Simulating sharp geometric features in six degrees-of-freedom haptic rendering.

It is a challenging problem to achieve six degree-of-freedom (DoF) haptic simulation of subtle force feelings caused by contacts at sharp geometric features in multi-region contact scenarios. We design a novel sphere-tree model for objects with sharp features and use a configuration-based optimization method to compute feedback force and torque. Given a triangle mesh of an object, a sphere-tree model is created based on dihedral angles between pairs of adjacent triangles. The model consists of a hierarchical sphere-tree for global shape and a linked-list of spheres for local areas with sharp features. In each local area with a sharp edge, we first identify those spheres with radii greater than an upper limit determined by the dihedral angle of the edge. Those spheres are further divided into a linear list of smaller spheres by a splitting method.

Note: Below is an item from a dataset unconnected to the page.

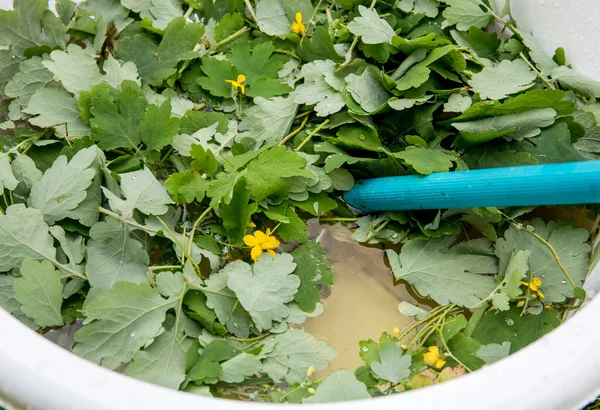 Chelidonium Majus Leaves Also Known Greater Celandine Nipplewort Swallowwort Tetterwort — стоковое фото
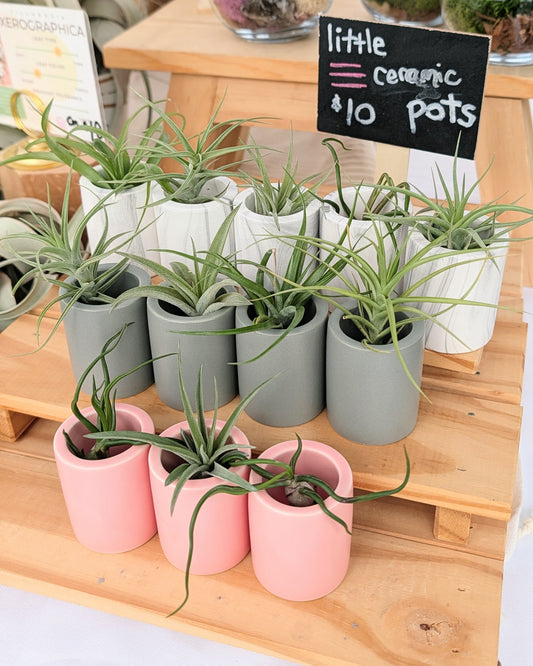 Mini Ceramic Pots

The experiment results from a cylinder-cube interaction validate that the proposed method can simulate subtle force direction changes when an object slides across sharp edges. Perception-based experiments and a haptic-to-vision shape matching task are also used to compare the performance between our proposed method and other rendering methods. The comparison results show that our method is more effective in simulating sharp features both in terms of measured force signals and human subjective evaluation. Non-penetration among objects is maintained for multi-region contact scenarios. The haptic rendering rate is about 1 kHz, and the subtle force feeling of sliding along sharp features can be stably simulated.